Y desde el punto de vista psicológico: miedo a perder el control o a volverse loco y miedo a morir. ¿Qué hacer?
- Respira durante unos minutos. Recuerda que la ansiedad intensa no dura siempre; prepárate para esperar a que remita cuando llegue el momento. No luches, no huyas; deja que la ansiedad transite por tu cuerpo.
- Espera. Cuanto más se intenta evitar o controlar la ansiedad, más se aviva. Por eso, espera, simplemente, a que tu organismo recupere el equilibrio por sí solo.
- Admítelo. Reconoce que estás experimentando una crisis de ansiedad. Se pasa mal pero uno no muere ni enloquece por ello.
- Ayuda. Si estás con alguien, pídele que te dé la mano y te acompañe en silencio o recordándote que la ansiedad intensa se puede atravesar.
La respiración antipánico
Cierra los ojos e inspira profundamente por la nariz contando hasta dos. Contén la respiración durante ocho segundos. Sin perder la concentración, comienza a espirar lentamente a la vez que cuentas hasta cuatro.
Repite este ejercicio tantas veces como te apetezca y te sientas cómodo.
Cómo convivir con el miedo
Se trata de entender que el miedo no es ni un enemigo ni una amenaza; que forma parte de la experiencia humana, aunque a veces se manifieste de forma tan dura o dolorosa. No es útil ni bueno rechazarlo ni rendirse a él.

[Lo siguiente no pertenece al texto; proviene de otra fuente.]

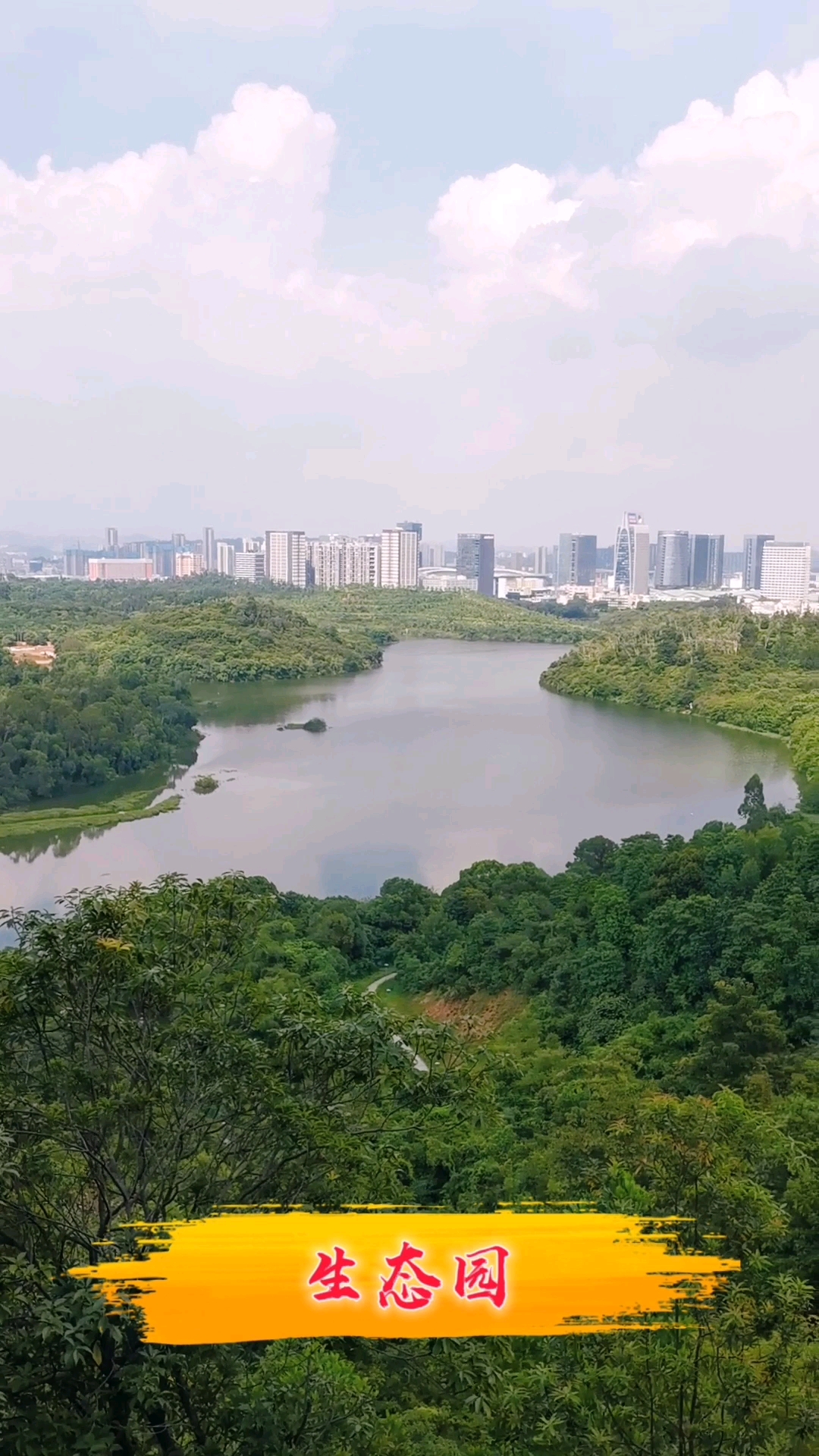 风景区#深圳平湖生态园,山清水秀,森林氧吧-度小视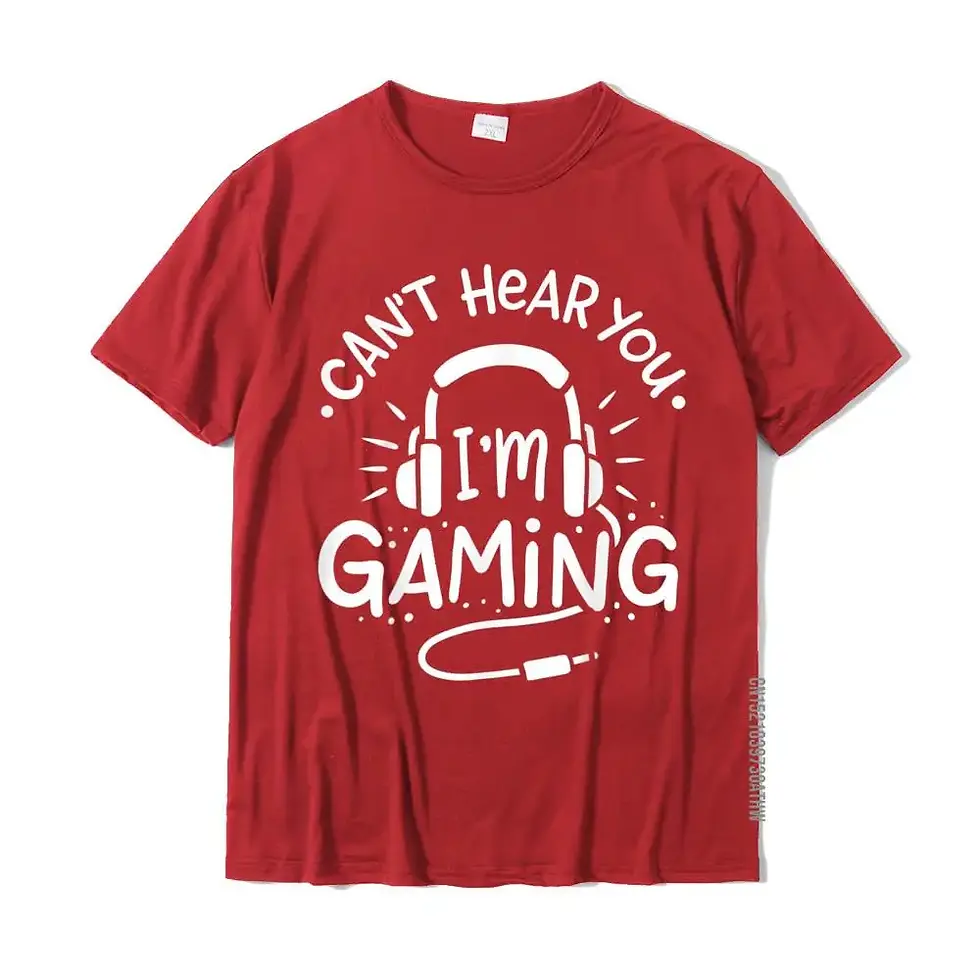 Thumbnail: Can't Hear You I'm Gaming T-Shirt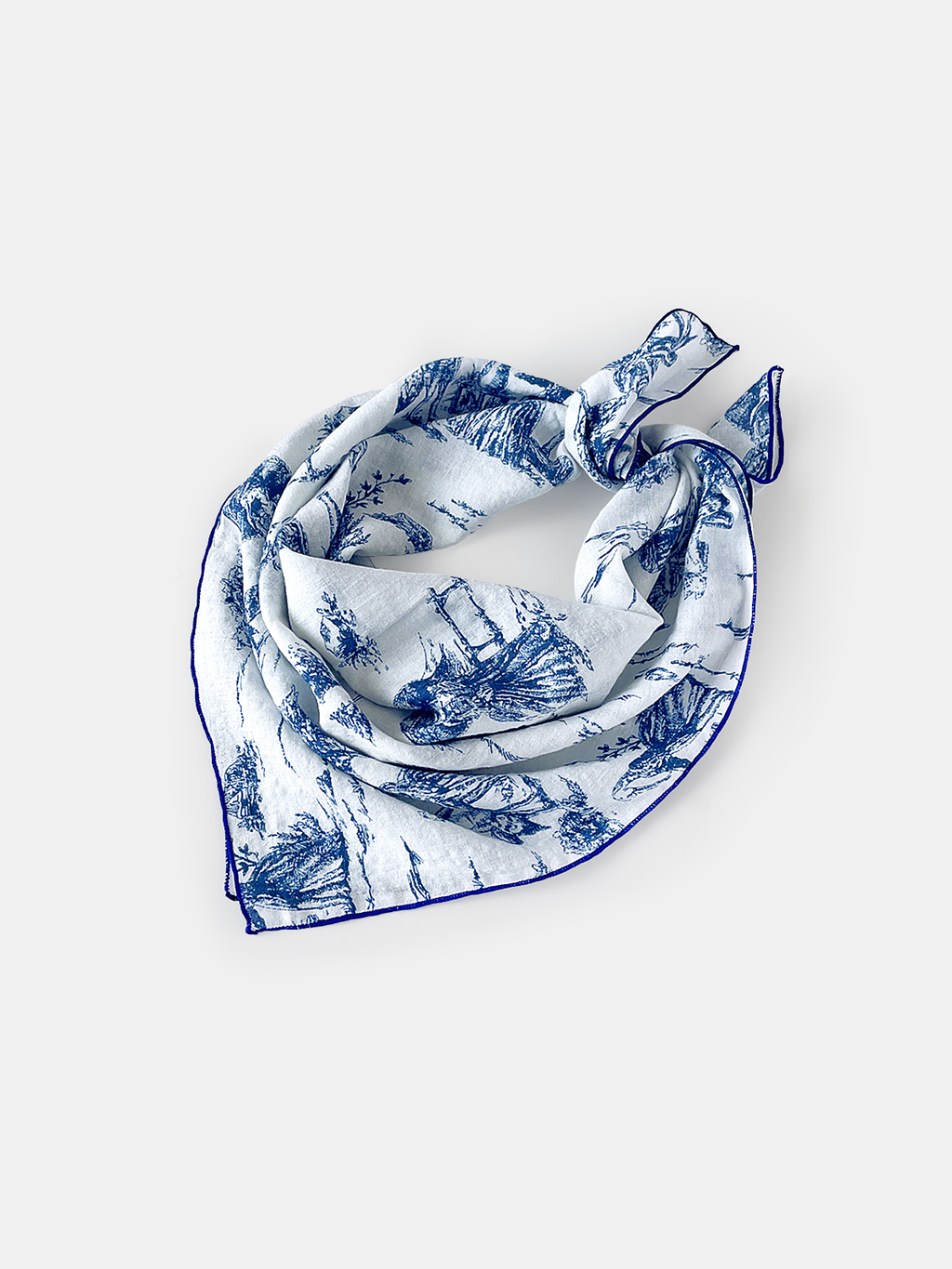 Foulard bandana en coton imprimé toile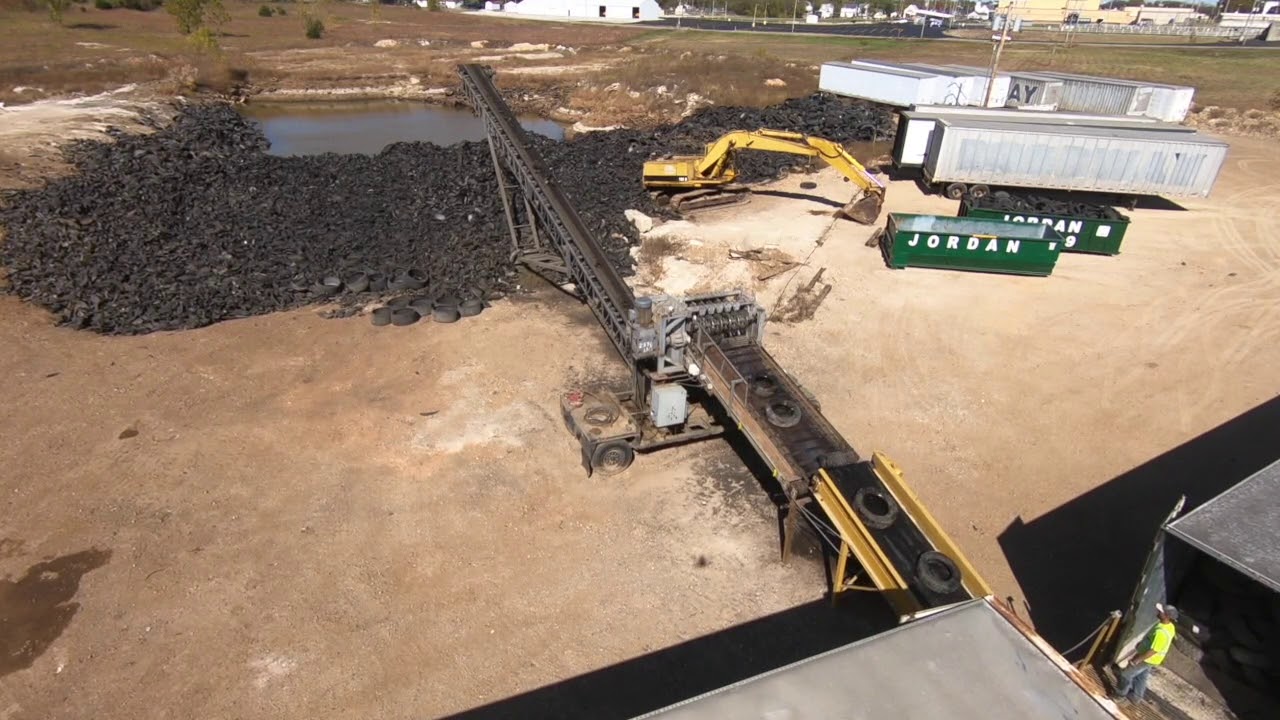 Tire Shredding Landfill Jordan Disposal Galena KS Joplin, MO Bentonville AR YouTube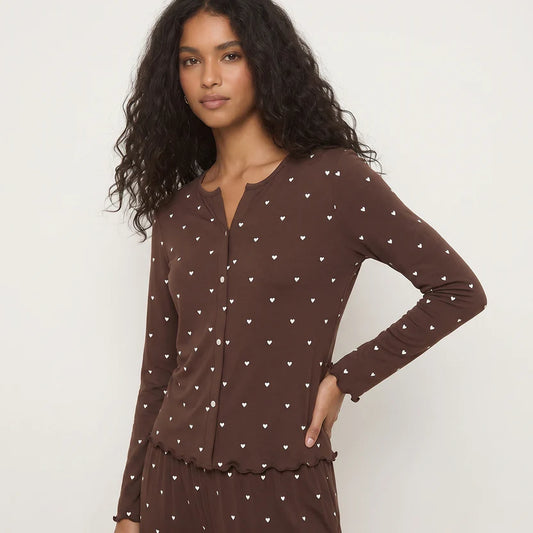 BELLAVISTA-Ivory Dream Set (Heart Printed) - Mocha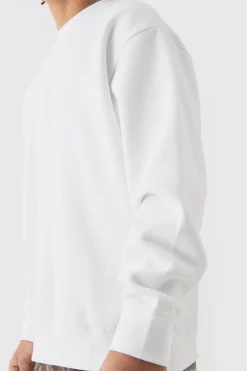 boohooMAN Oversized Extended Neck Sweatshirt | UK| Hoodies & Sweatshirts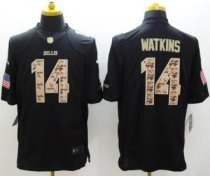 Nike Buffalo Bills -14 Sammy Watkins Black NFL Limited Salute to Service jersey Nike Buffalo Bills -14 Sammy Watkins Black NFL Limited Salute to Service jersey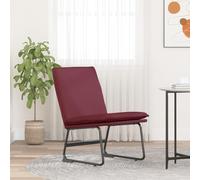 YunCangg Sillón de salón, color rojo vino, 52 x 75 x 76 cm, con estructura de metal y acolchado para salón, zona de lectura y zona de relax, estable, cómoda, con patas antideslizantes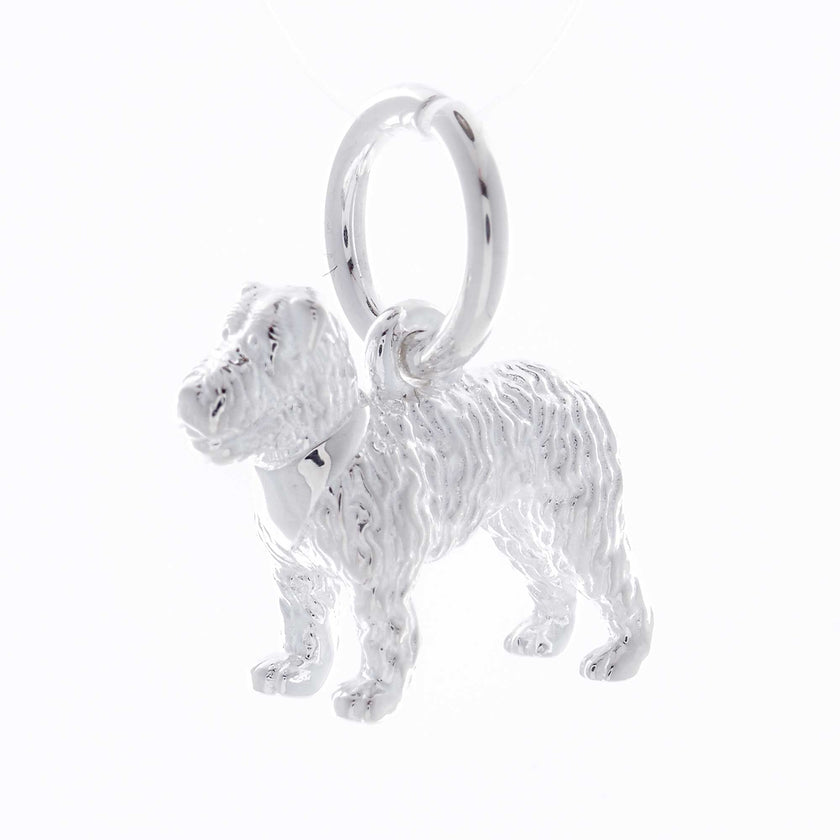 Dije de plata de perro Fox Terrier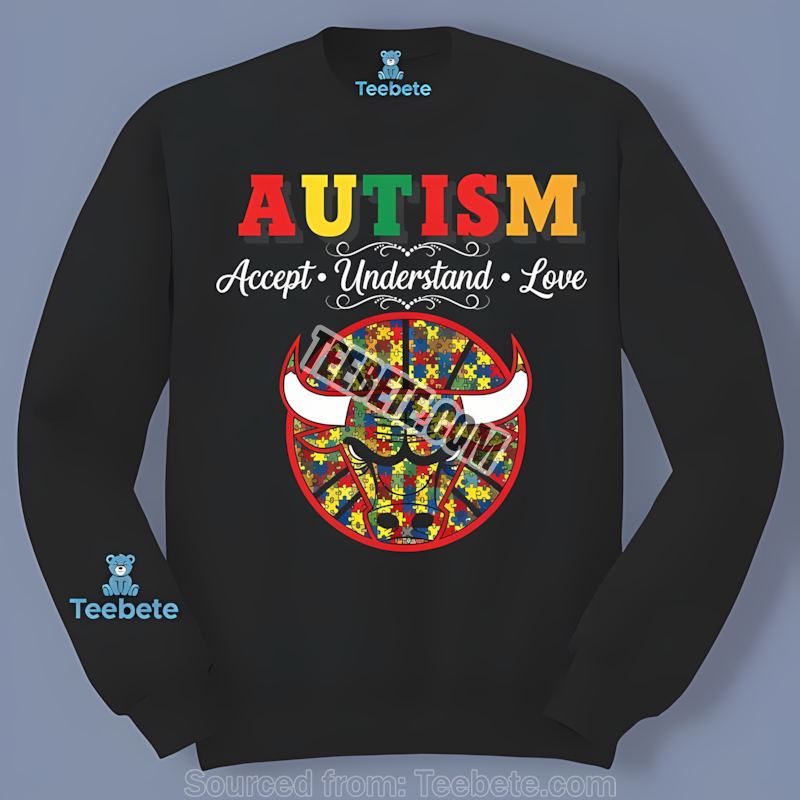 Chicago Bulls Autism Awareness Love Unites Fans Classic Long Sleeve Chicago Bulls Autism Awareness Love Unites Fans Classic Long Sleeve
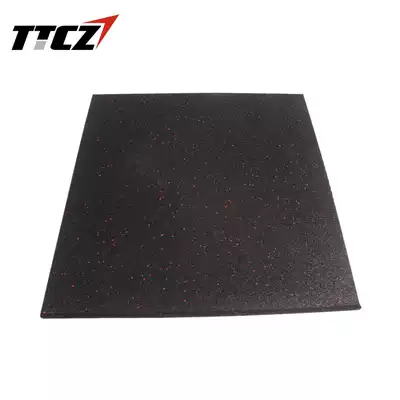Tengtai gym sound insulation rubber cushion strength area dumbbell cushion color super thick drop resistant floor stickers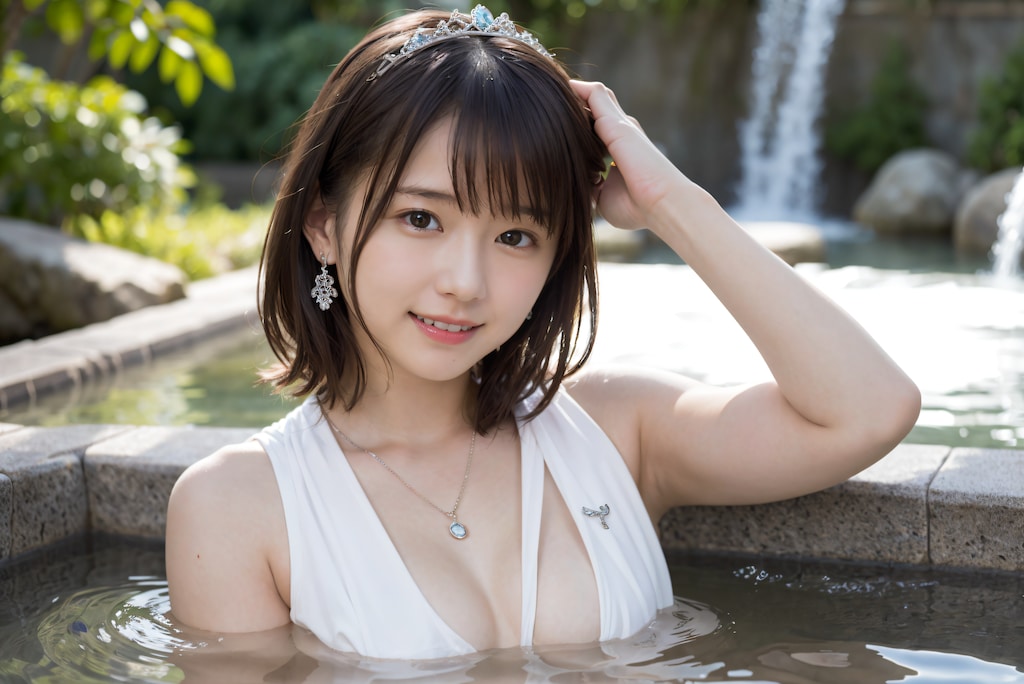 お風呂に入るお姫様 2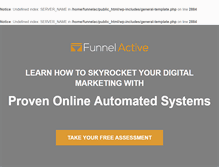 Tablet Screenshot of funnelactive.com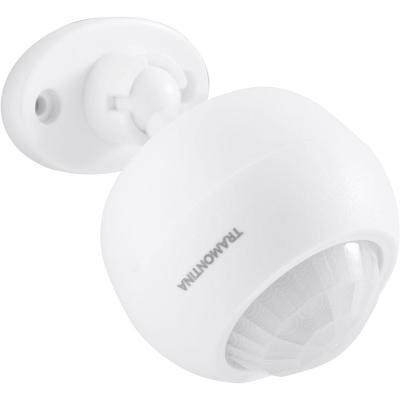 Sensor De Presença 360° Articulado De Parede E Teto Tramontina Bivolt Com Fotocélula Branco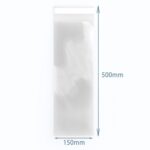 Pungi din Polipropilenă - 150x500mm cu Sistem de Sigilare Reutilizabil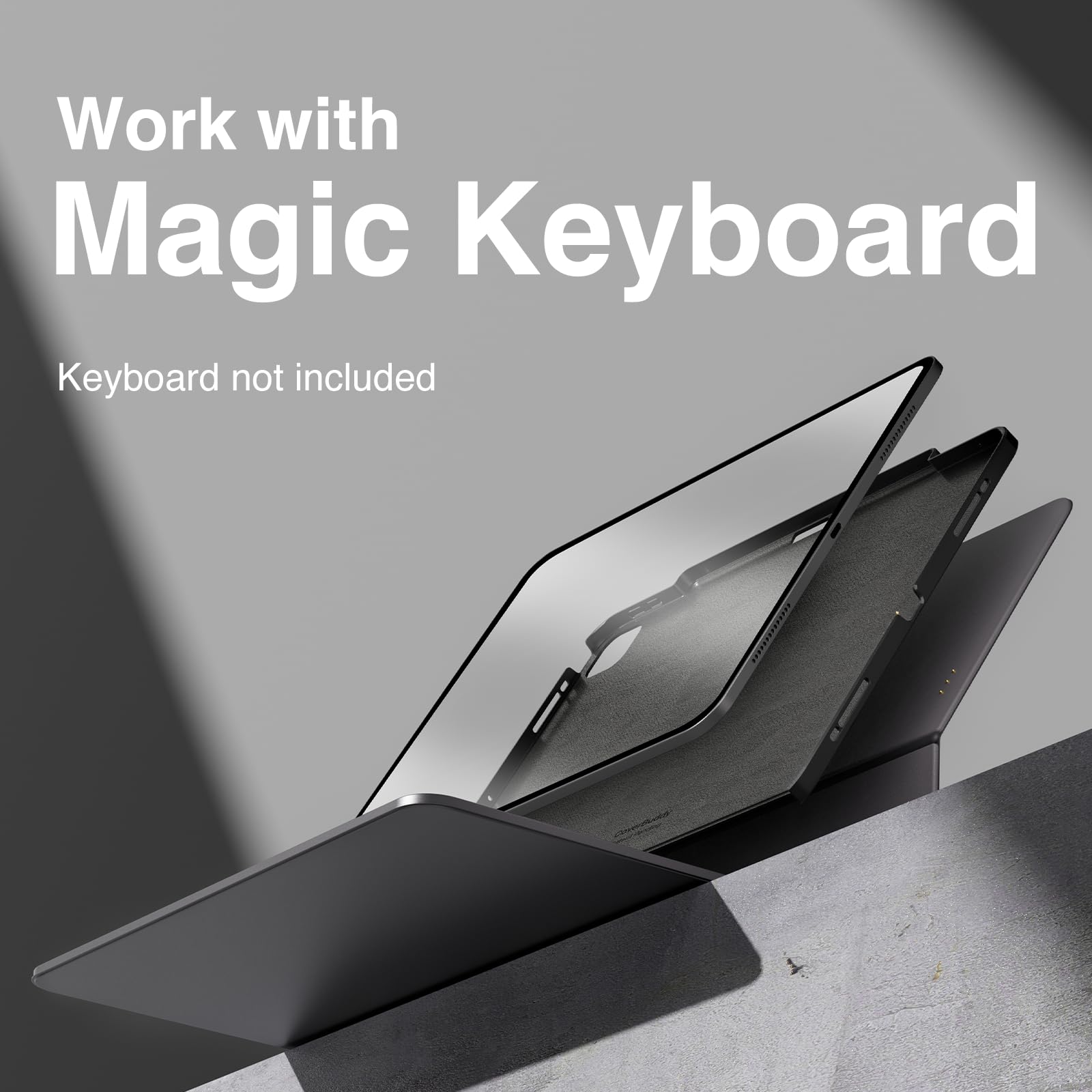 Switcheasy Coverbuddy Lite For 2024 Ipad Pro 11''   Ipad Pro Case Compatible With Magic Keyboard For Ipad Pro (M4), With Apple P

Para transmitir esta idea se emplean distintas metáforas: "entablar amistad", "aprender a convivir", "invitar al miedo a ir con uno"… Lo cierto es que el mejor modo de ganarle terreno al miedo es encararse con él sin resistencia, mirarlo directamente, acogerlo –como se haría con un bebé atemorizado–, acunarlo y preguntarle con ternura: "¿Qué me estás queriendo decir?", "¿Con qué me estás confrontando?".
Y a la vez recordar que, como toda emoción, el miedo también surge y se desvanece hasta que uno se hace capaz de recuperar el aliento. Si es cierto que el miedo no puede desaparecer de la vida, no lo es menos que la capacidad de afrontamiento del ser humano es más potente todavía.
La fuerza de las personas estriba en su capacidad de hacer frente a la adversidad cuando esta llega, de resolver conflictos, de adaptarse a las circunstancias cambiantes, de anticiparse a muchos peligros y prepararse para ellos, de colaborar con otros para amplificar los recursos individuales, de observar los propios temores y de decidir cómo reaccionar ante los acontecimientos.
Pero, ante todo, de detenerse, bucear en el interior y descubrir que uno ya es completo en sí mismo, que no necesita de nada ajeno para sentir una verdadera plenitud, seguridad o estabilidad subyaciendo al cambio yala trasformación constantes.